Articulador da ideia, Dantas já foi um defensor de que empresas recebessem sanções mais duras do que aquelas definidas nos acordos de leniência em processos da Lava Jato julgados na esfera penal. Em entrevista ao Estadão, em 2017, chegou a dizer que os valores previstos nos acordos eram apenas um “aperitivo da refeição completa”.

Dantas entrou em um embate aberto com o então juiz federal Sérgio Moro em 2018 após uma decisão do magistrado que proibia órgãos de controle como o TCU de ter acesso às leniências para punir delatores. O ministro chamou o despacho de “carteirada”. A Justiça acabou liberando o acesso ao material, o que gerou rigorosas sanções impostas pelo TCU e pela Receita Federal.

No caso do TCU, a Corte aplicou multas e até mesmo declaração de inidoneidade – o que, na prática, impediria as empresas de voltarem a participar de licitações. Sob o argumento de que a decisão esvaziava os acordos de leniência, empreiteiras foram ao STF e conseguiram suspender, por exemplo, os efeitos de um acórdão do TCU – do qual Dantas era relator – em um caso relacionado a desvios e sobrepreços na construção da Usina de Angra III, pela Eletronuclear.

Além dos choques com Moro e empresas, o atual presidente do TCU também manteve relação conflituosa com procuradores da Lava Jato.

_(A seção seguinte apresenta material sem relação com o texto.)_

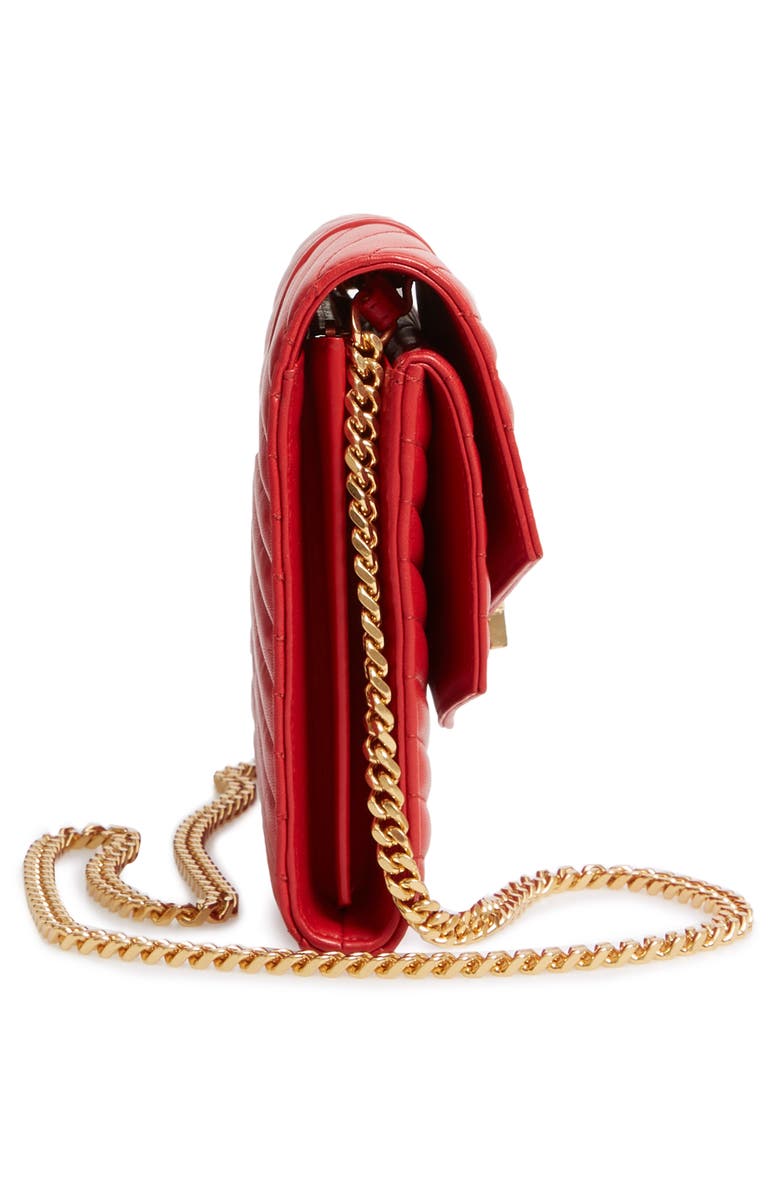 Saint Laurent Sulpice Leather Crossbody Wallet, Alternate, color,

Foi, por exemplo, relator do processo que puniu procuradores em razão de irregularidades em gastos com diárias da força-tarefa. Também é relator do processo que investiga Moro em razão de seu emprego na consultoria Alvarez & Marsal.

Procurados, as empreiteiras e o governador de São Paulo, Tarcísio de Freitas (Republicanos), não quiseram se manifestar.